Starting with the line that contains "Home with vinyl", return every line through the end of the listing below exactly as written. Omit the pictures.

Records for this exercise:
++++

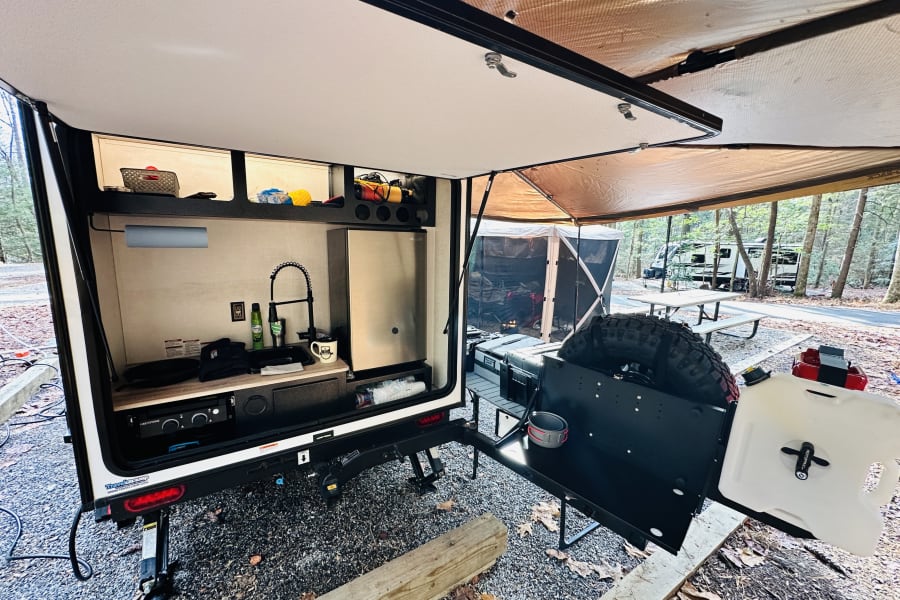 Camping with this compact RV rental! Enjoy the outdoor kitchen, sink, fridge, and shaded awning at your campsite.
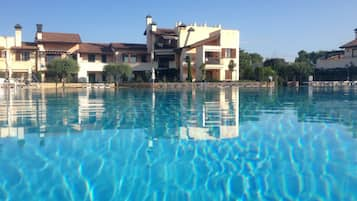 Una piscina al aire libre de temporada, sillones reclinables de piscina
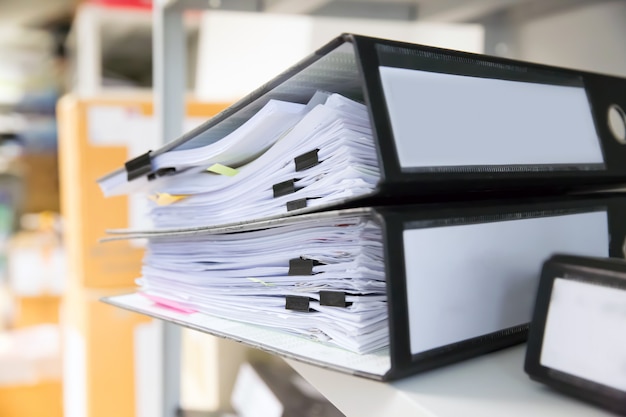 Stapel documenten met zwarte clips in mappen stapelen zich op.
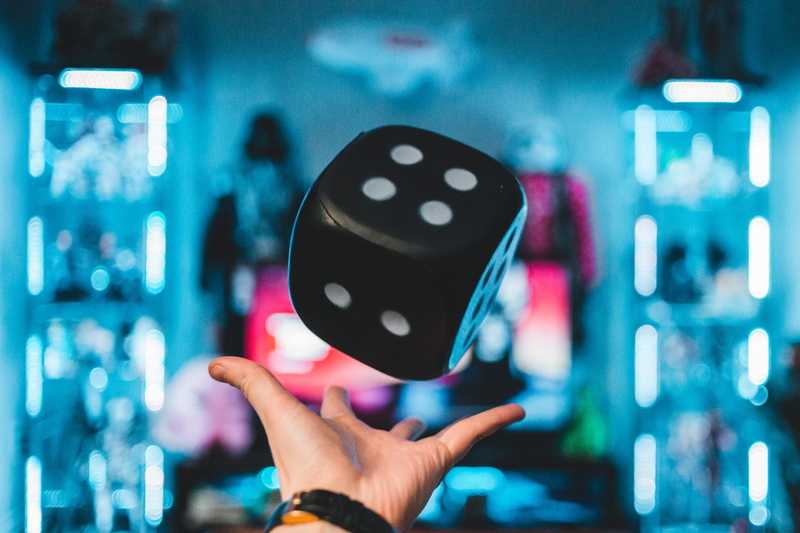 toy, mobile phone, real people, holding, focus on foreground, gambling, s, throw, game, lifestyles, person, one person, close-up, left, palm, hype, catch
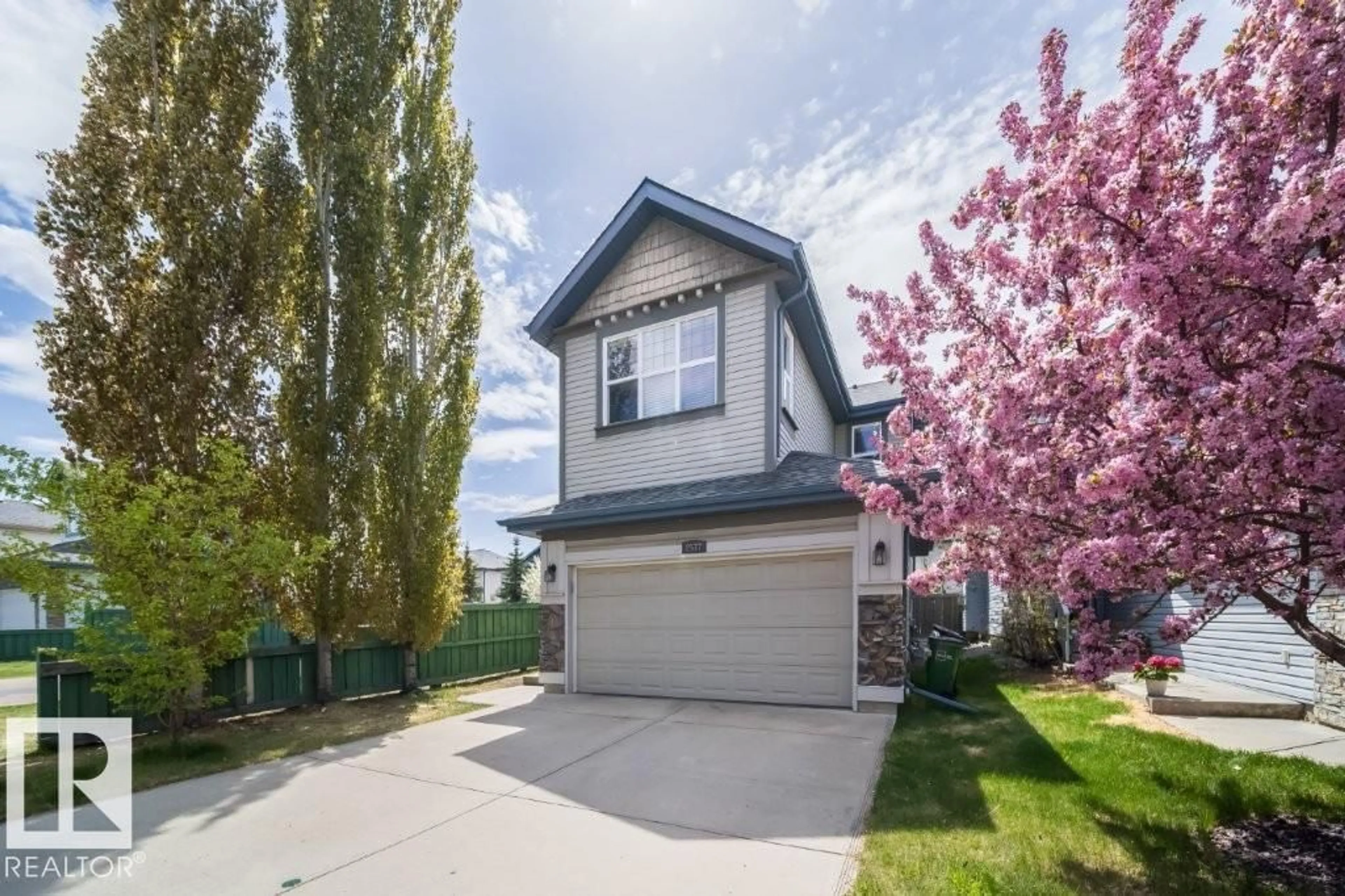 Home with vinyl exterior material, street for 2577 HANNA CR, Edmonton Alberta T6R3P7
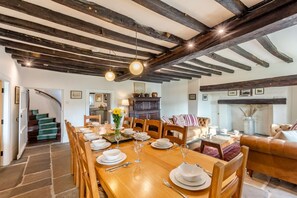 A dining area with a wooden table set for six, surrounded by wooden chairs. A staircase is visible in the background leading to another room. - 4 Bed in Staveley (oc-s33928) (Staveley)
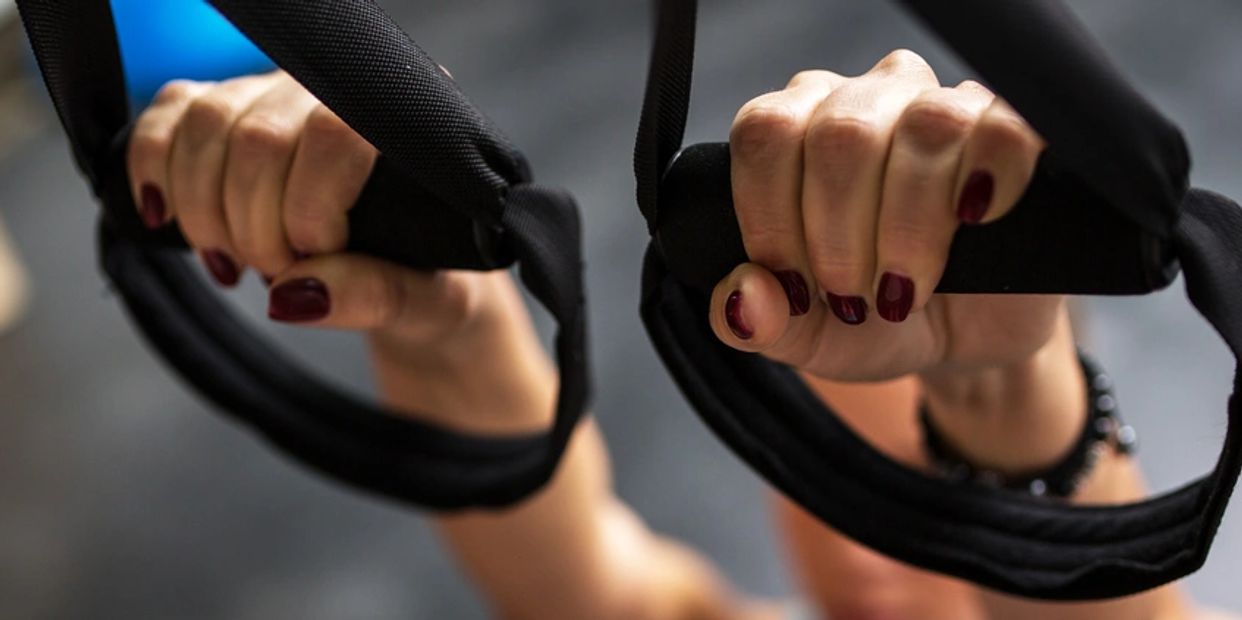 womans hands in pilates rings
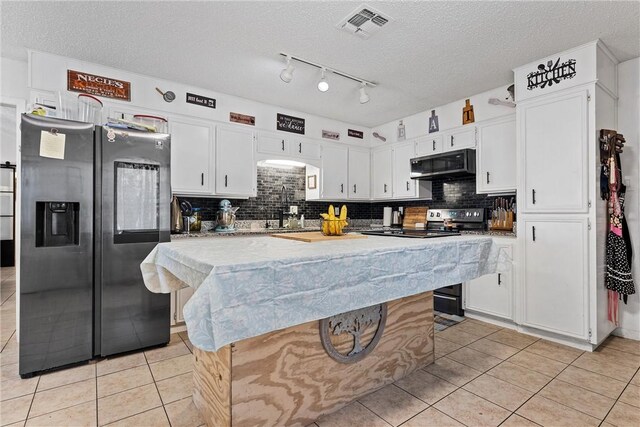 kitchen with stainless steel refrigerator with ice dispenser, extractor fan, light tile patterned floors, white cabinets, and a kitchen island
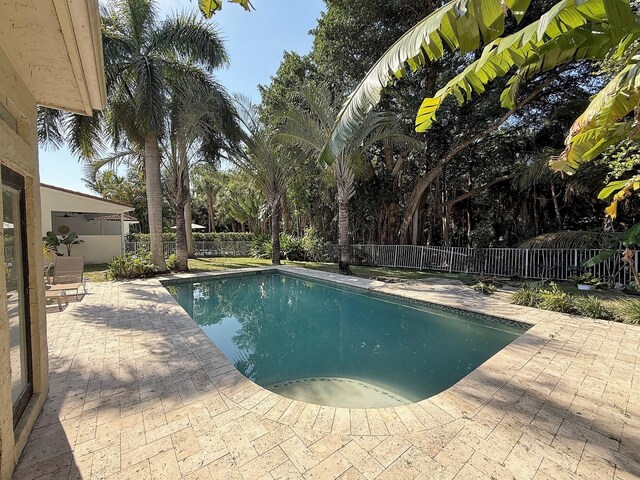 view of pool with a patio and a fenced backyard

++++

Result of the task:
 Home with vinyl exterior material, street for 2577 HANNA CR, Edmonton Alberta T6R3P7
 A dining area with a wooden table set for six, surrounded by wooden chairs. A staircase is visible in the background leading to another room. - 4 Bed in Staveley (oc-s33928) (Staveley)
 womans hands in pilates rings
 kitchen with stainless steel refrigerator with ice dispenser, extractor fan, light tile patterned floors, white cabinets, and a kitchen island
 view of pool with a patio and a fenced backyard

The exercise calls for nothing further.